WP20 - parser

2025-12-23 14:38:27 +01:00 · 2025-12-23 14:38:27 +01:00 · 0ac8a14ea7
commit 0ac8a14ea7
parent 234949800b
1 changed files with 48 additions and 24 deletions
--- a/app/core/parser.py
+++ b/app/core/parser.py
@ -1,10 +1,11 @@
 """
 FILE: app/core/parser.py
 DESCRIPTION: Liest Markdown-Dateien fehlertolerant (Encoding-Fallback). Trennt Frontmatter (YAML) vom Body.
-VERSION: 1.7.1
+             WP-22 Erweiterung: Kanten-Extraktion mit Zeilennummern für die EdgeRegistry.
+VERSION: 1.8.0
 STATUS: Active
 DEPENDENCIES: yaml, re, dataclasses, json, io, os
-LAST_ANALYSIS: 2025-12-15
+LAST_ANALYSIS: 2025-12-23
 """
 from __future__ import annotations

@ -138,13 +139,7 @@ def _read_text_with_fallback(path: str) -> Tuple[str, str, bool]:

 def read_markdown(path: str) -> Optional[ParsedNote]:
    """
-    Liest eine Markdown-Datei fehlertolerant:
-    - Erlaubt verschiedene Encodings (UTF-8 bevorzugt, cp1252/latin-1 als Fallback).
-    - Schlägt NICHT mit UnicodeDecodeError fehl.
-    - Gibt ParsedNote(frontmatter, body, path) zurück oder None, falls die Datei nicht existiert.
-
-    Bei Decoding-Fallback wird ein JSON-Warnhinweis geloggt:
-        {"path": "...", "warn": "encoding_fallback_used", "used": "cp1252"}
+    Liest eine Markdown-Datei fehlertolerant.
    """
    if not os.path.exists(path):
        return None
@ -161,10 +156,6 @@ def validate_required_frontmatter(fm: Dict[str, Any],
                                  required: Tuple[str, ...] = ("id", "title")) -> None:
    """
    Prüft, ob alle Pflichtfelder vorhanden sind.
-    Default-kompatibel: ('id', 'title'), kann aber vom Aufrufer erweitert werden, z. B.:
-        validate_required_frontmatter(fm, required=("id","title","type","status","created"))
-
-    Hebt ValueError, falls Felder fehlen oder leer sind.
    """
    if fm is None:
        fm = {}
@ -178,17 +169,13 @@ def validate_required_frontmatter(fm: Dict[str, Any],
    if missing:
        raise ValueError(f"Missing required frontmatter fields: {', '.join(missing)}")

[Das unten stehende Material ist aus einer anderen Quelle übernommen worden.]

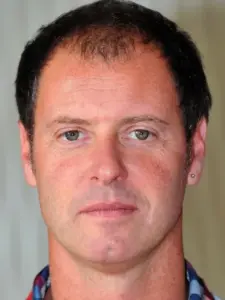 Pietro Sermonti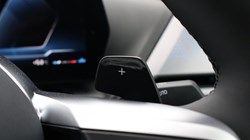 BMW 2 SERIES 220 M Sport 4dr Step Auto 4789342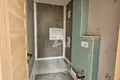 Appartement 3 chambres 150 m² Becici, Monténégro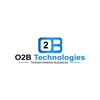 O2B Technologies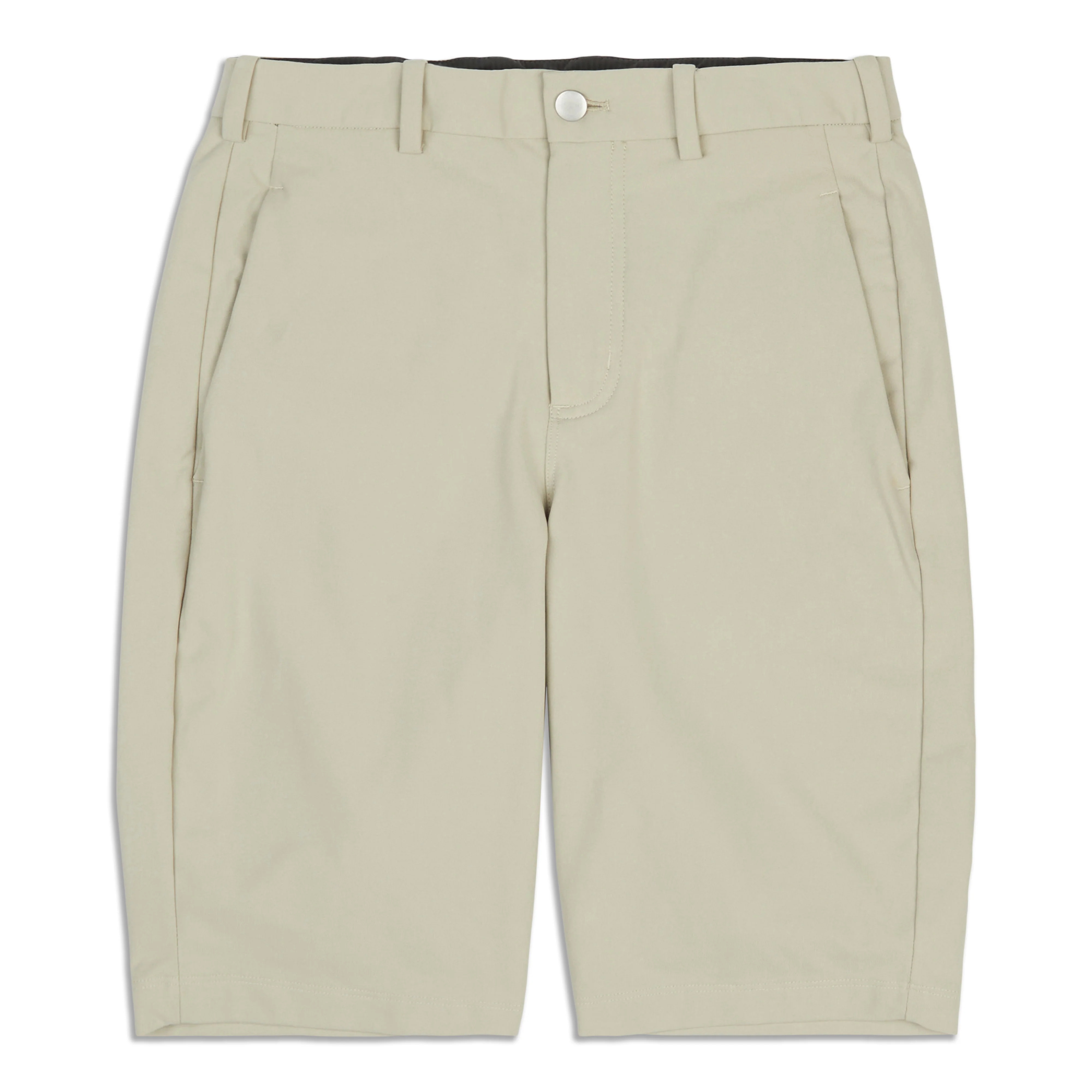 Daily Short - Resale - republicanstateiDaily Short - Resale - republicanstatei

-    # Plausibilitäten: 'tags' sollte eine Liste sein, wenn vorhanden
    if "tags" in fm and fm["tags"] not in (None, "") and not isinstance(fm["tags"], (list, tuple)):
        raise ValueError("frontmatter 'tags' must be a list of strings")


 def normalize_frontmatter(fm: Dict[str, Any]) -> Dict[str, Any]:
    """
-    Sanfte Normalisierung ohne Semantikänderung:
-    - 'tags' → Liste von Strings (Trim)
-    - 'embedding_exclude' → bool
-    - andere Felder unverändert
+    Normalisierung von Tags und anderen Feldern.
    """
    out = dict(fm or {})
    if "tags" in out:
@ -205,15 +192,12 @@ def normalize_frontmatter(fm: Dict[str, Any]) -> Dict[str, Any]:

 # ------------------------------ Wikilinks ---------------------------- #

-# Basismuster für [[...]]; die Normalisierung (id vor '#', vor '|') macht extract_wikilinks
 _WIKILINK_RE = re.compile(r"\[\[([^\]]+)\]\]")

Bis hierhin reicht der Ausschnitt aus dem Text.